Actuellement dans nos salles de cinéma, Mathias Gokalp dépeint en image ce que Robert Linhart a inscrit sur papier. Le long métrage reprend la fulgurante année passée par le normalien en tant qu’établi dans une usine Citroën, au lendemain de mai 68.

Fondateur de l’Union des Jeunesses Communistes Marxistes-Léninistes, Robert Linhart a toujours baigné dans la gauche de l’échiquier politique. À la suite de son voyage en Chine en 1967, Linhart devient maoïste et rejoint également la Gauche Prolétarienne. C’est en septembre 1968 qu’il participe au mouvement des « établis », consistant à mener la révolution ouvrière de l’intérieur. Issu de la petite bourgeoisie intellectuelle (théorisée par Marx et Engels, celle-ci capitalise ses ressources culturelles plutôt qu’économiques), le normalien contre cette idéologie bourgeoise et de petite-bourgeoisie et désire « mener une lutte intransigeante » (énonce-t-il dans le 15ème numéro des Cahiers marxistes-léninistes). C’est ainsi qu’il intègre l’usine Citroën située Porte de Choisy, dans le 13ème arrondissement de Paris, en tant qu’ouvrier spécialisé.
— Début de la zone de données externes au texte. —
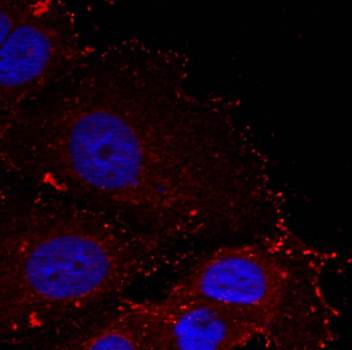 Paxillin (phospho-Tyr88) Antibody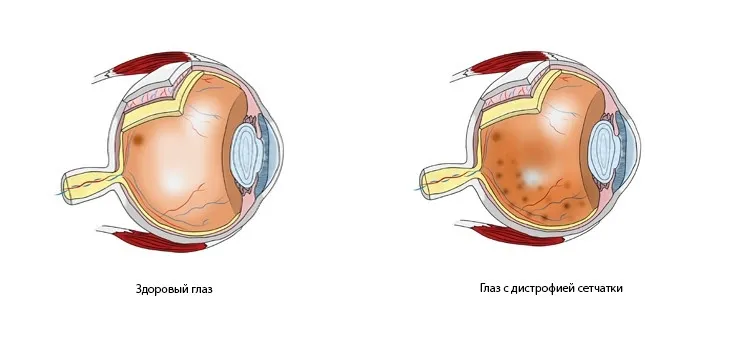 Дистрофия сетчатки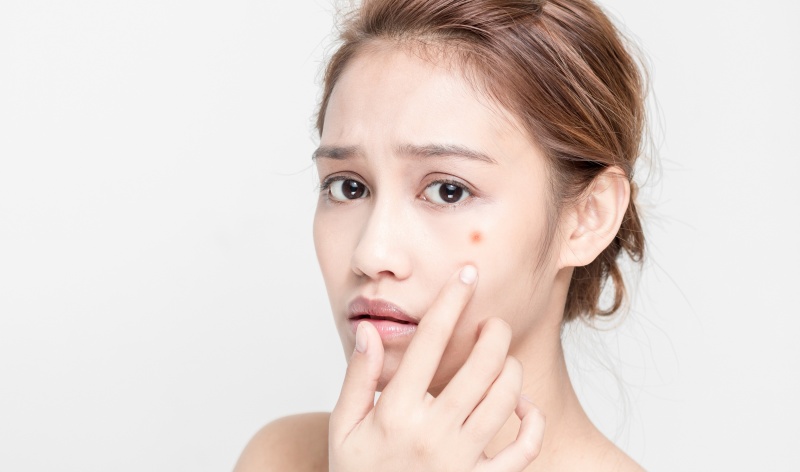 sử dụng sản phẩm trị mụn phù hợp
S’immiscer au sein de la classe ouvrière et raviver la flamme révolutionnaire.

© Karé Productions

Lorsque Robert Linhart (interprété par Swann Arlaud) rejoint l’usine le premier jour, les tâches auxquelles il n’est pas habitué se présente comme une montagne complexe à surmonter. Le travail à la chaîne est rapide, répétitif et douloureux. Une douleur qui s’installe à la fois de manière instantanée par manque d’habitude mais également sur le long terme ; une santé physique qui se dégrade au fil des jours passés dans cette usine. Après de multiples tractages et un militantisme jusqu’à présent peu efficace, s’offre à notre protagoniste une occasion d’unir ses collègues contre la répression patronale. En effet, Citroën décide de se rembourser à la suite des accords de Grenelle (qui sont, rappelons-le, des décisions prises en réponse aux révoltes de mai 68, entre gouvernement, patronat et syndicats, donnant lieu à une augmentation du SMIG ou encore au paiement des jours de grève à 50%). Pour effectuer ce remboursement, l’usine prend la décision de faire travailler 3 heures de plus par semaine, sans rémunérer, suscitant ainsi le mécontentement des ouvriers. Linhart parvient alors à rallier à son militantisme davantage de ses collègues, défendant le « tout travail mérite salaire ».

© Karé Productions

À travers l’écran, le spectateur ressent dès les prémices du film, la différence de réalité entre bourgeois et ouvrier. La condition ouvrière se montre comme déplorable, les individus au bas de l’échelle sociale ne sont plus qu’une force de travail laissant place à l’aliénation et la déshumanisation de chacun. Les propos dégradants émis par la classe dominante au sein de l’usine fusent à tout moment, les pensées des ouvriers n’ont aucune importance ni existence. S’ajoutent à cela les difficultés avec la langue française et la paperasse mais aussi le racisme omniprésent en conséquence de la part importante d’immigrés. La grille des classifications entre ouvriers spécialisés et de manœuvres repose essentiellement sur des critères à caractère raciste ; l’individu originaire d’Afrique se place au plus bas de l’échelle tandis qu’un européen s’élève dans la hiérarchie ouvrière, malgré la différence de compétences. L’existence de tous s’efface lorsqu’un pied est posé sur leur lieu de travail, tandis que le film insiste sur l’existence d’une histoire propre à chacun, antérieure et extérieure à l’usine. Le travail déshumanise et les relations humaines s’intensifient paradoxalement au fil du long-métrage. Rémunérés d’un salaire médiocre, les ouvriers vivent dans la peur et l’oppression du patronat. La santé autant physique que mentale sombre de manière abyssale au fil des heures passées dans ce lieu, entraînant avec elle la démocratie et illustrant le quotidien de millions de français ; n’ayant pour seule issue ici, la révolte.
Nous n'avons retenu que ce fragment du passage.